START Supplied material

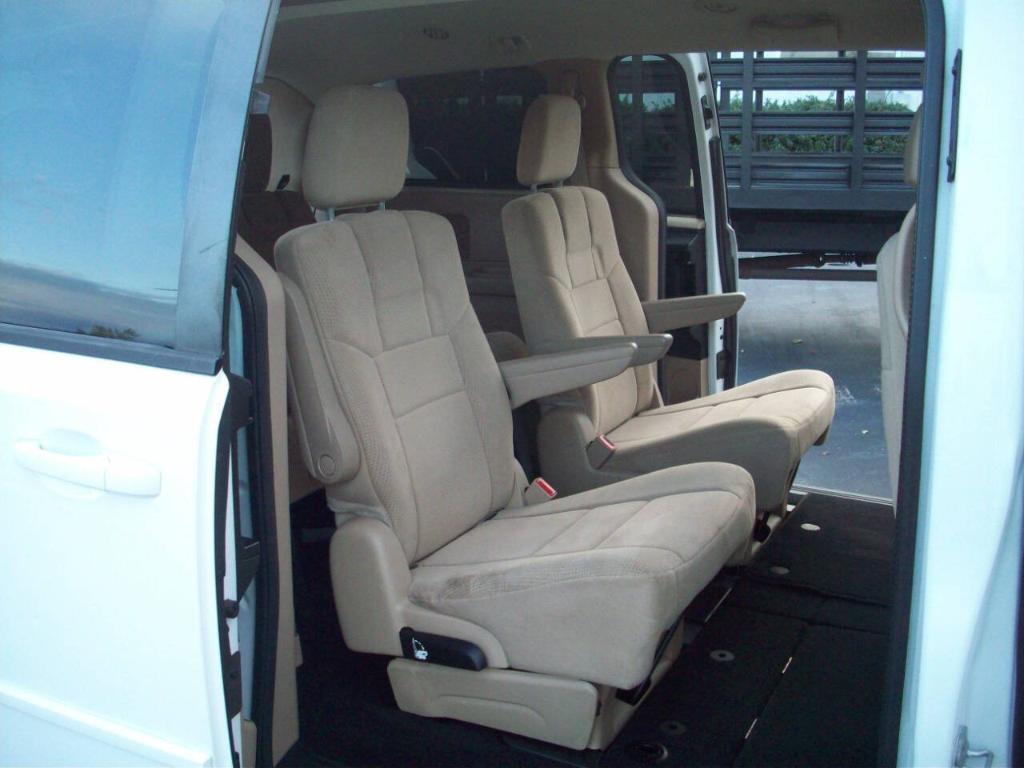 used 2014 Dodge Grand Caravan car, priced at $10,700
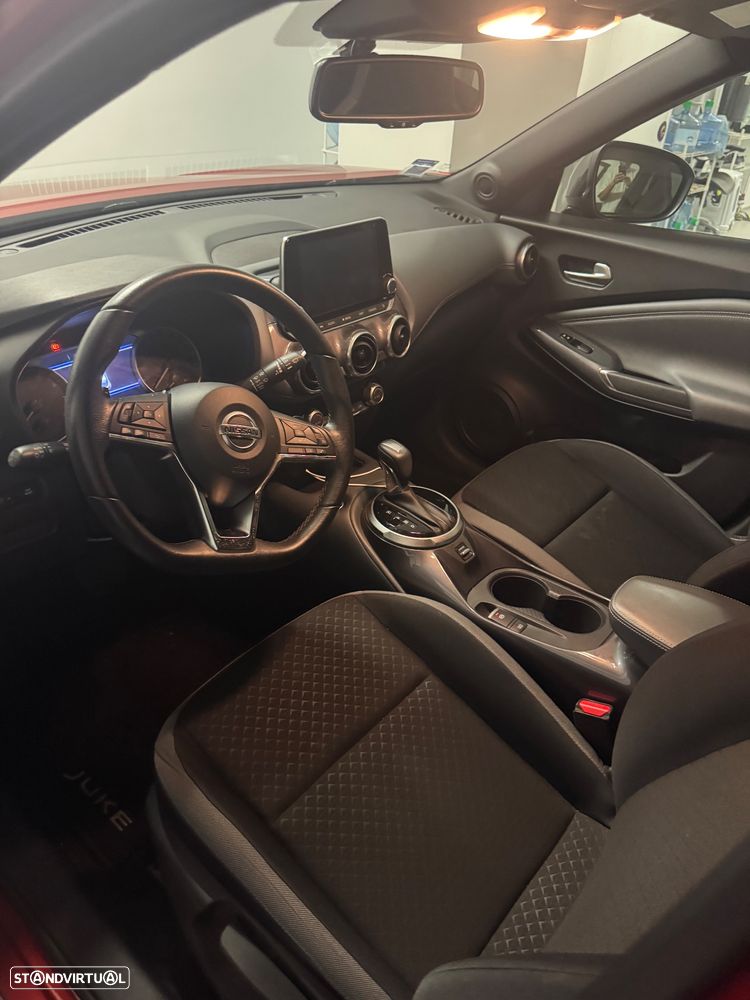 Nissan Juke 1.0 DIG-T N-Design Silver DCT - 4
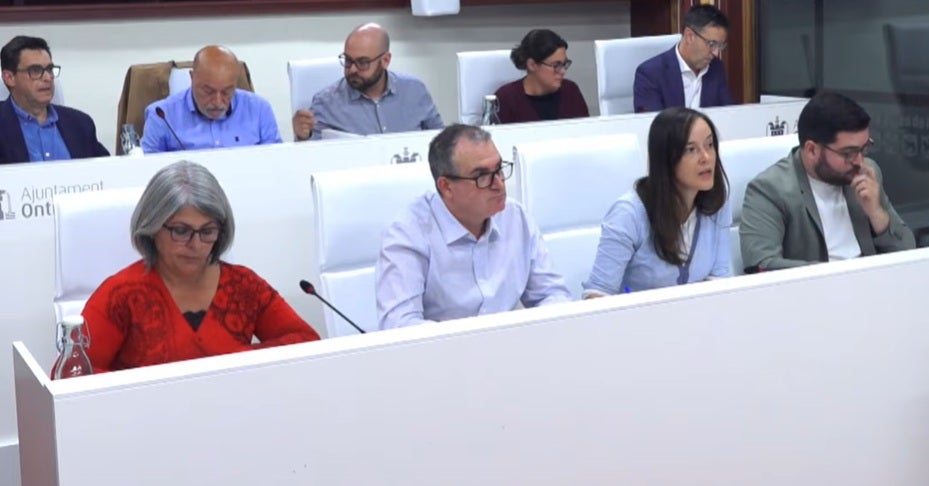 Bancadas de los grupos de la oposición en Ontinyent.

END Supplied material

## What is expected:
In your copy, omit the pictures and restate every line of the data word for word.

## Output for this task:
 used 2014 Dodge Grand Caravan car, priced at $10,700
 Nissan Juke 1.0 DIG-T N-Design Silver DCT - 4
 Bancadas de los grupos de la oposición en Ontinyent.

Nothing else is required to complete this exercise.